House Robber — $f(n) = \max(f(n-1), f(n-2) + \text{nums}[n])$ .
Longest Increasing Subsequence — $f(i) = 1 + \max_{j < i, \, a_j < a_i} f(j)$ .
Edit Distance — $f(i, j) =$ min of three updates.
0/1 Knapsack, Unbounded Knapsack — as above.
Word Break, Partition Equal Subset Sum, Target Sum, Palindrome Partitioning II, Longest Palindromic Subsequence, Longest Common Subsequence.

Once the recipe becomes automatic — “OK, this is DP; my subproblem is …; my recurrence is …; I’ll tabulate” — the entire DP portion of the interview stops feeling like a separate skill and becomes the same skill applied over and over.

What to say out loud — the delivery script

Restate the problem. “I have coin denominations and a target amount; I need the minimum number of coins summing to exactly the target.”
Ask clarifying questions.

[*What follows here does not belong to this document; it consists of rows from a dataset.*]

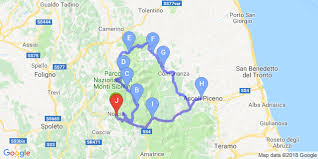 Among its cities, precious treasure chests of some of the most beautiful treasures of italian art, assisi stands out as unesco world heritage since 2000. Motoitinerari Nel Cuore Verde Di Umbria E Marche Itinerari Bikershotel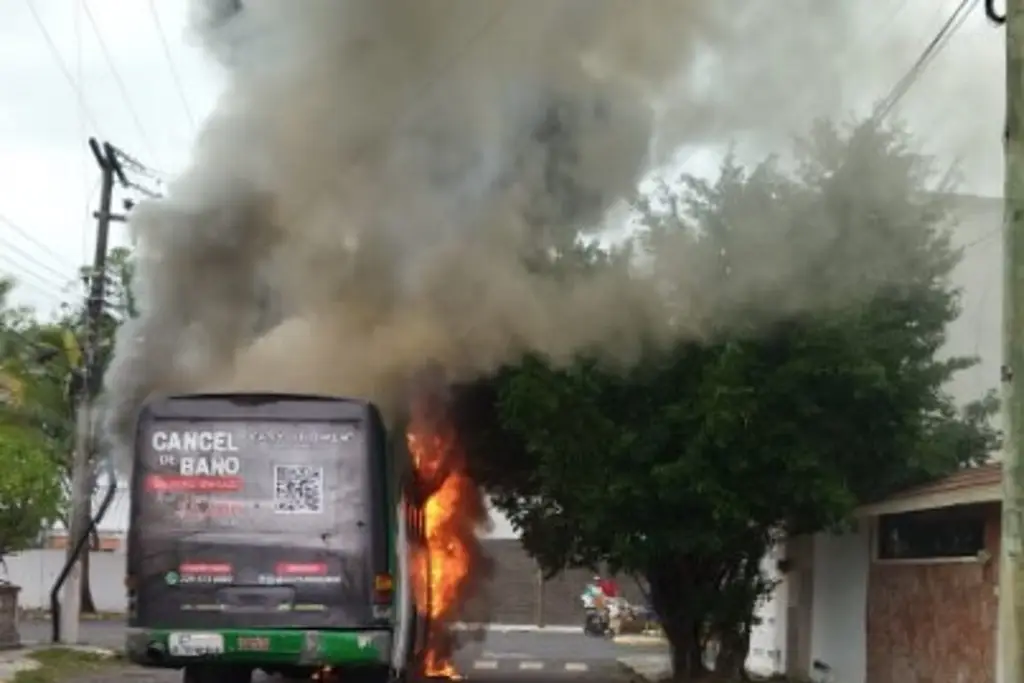 Transporte público arde en llamas cuando circulaba en fraccionamiento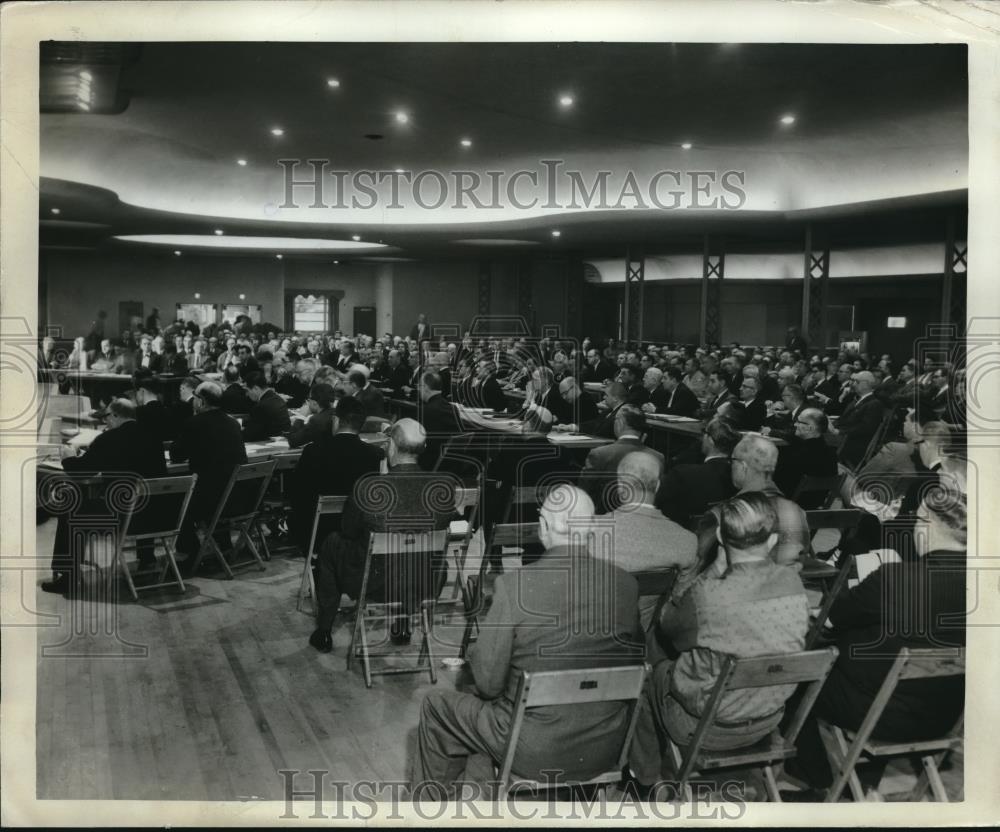 1962 Press Photo Crowd at the Lake erie -Ohio River Canal Hearing Youngstown. - Historic Images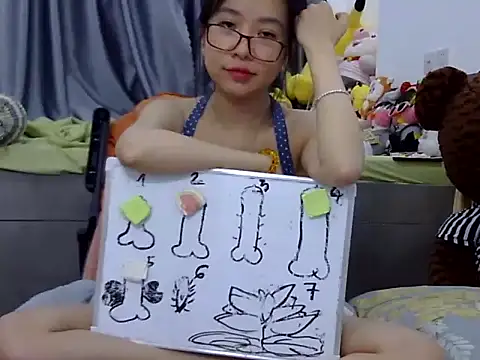 Snapshot of Cute_Ruby01 chatting on 01.07.25 Cute Ruby01 online show from 01.07.25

Unlimited coins? Count vs. combination? Return value when unreachable?
Mention greedy and reject it. “Greedy is tempting — always take the largest coin — but it fails on $[1, 5, 8], t = 12$ . So I need something smarter.”
Announce optimal substructure. “The optimal solution for $t$ uses some last coin $c$ , after which the rest is an optimal solution for $t - c$ . That’s optimal substructure.”
Announce overlapping subproblems. “And the same subproblem ( $t - 3$ , say) gets reached by many paths, so this is DP.”
Write the recurrence. $C(t) = 1 + \min_c C(t - c)$ , with base $C(0) = 0$ , $C(t < 0) = +\infty$ .
Write the bottom-up code. Ten lines.
Walk an example. Fill dp for $I = [1, 2, 5], t = 5$ by hand.
State the invariant. “When we finish $dp[a]$ , it is the true minimum for amount $a$ , by induction on $a$ .”
Call out edge cases. $t = 0$ , empty $I$ , unreachable $t$ , very large $t$ .
Gesture at follow-ups. “If you want the actual coin combination, I track a from[] array and walk back. If you want the count of ways, the recurrence becomes sum instead of min, and the loop order flips.”
Summarize. “I’d ship the bottom-up DP. $O(t \cdot |I|)$ time, $O(t)$ space.”

Summary

Coin Change is the stepping stone. Learn the three-step recipe here — name the subproblem, write the recurrence, tabulate — and you will use it on every DP problem after. Know why greedy fails. State optimal substructure and overlapping subproblems by name. Be ready for reconstruction and count-of-ways follow-ups. Understand the loop-order distinction between combinations and permutations — it is the micro-insight that separates good candidates from excellent ones.

Coin Change is in the interview rotation because it discriminates: between candidates who pattern-match and candidates who reason. The chapter’s goal is to put you firmly in the second camp.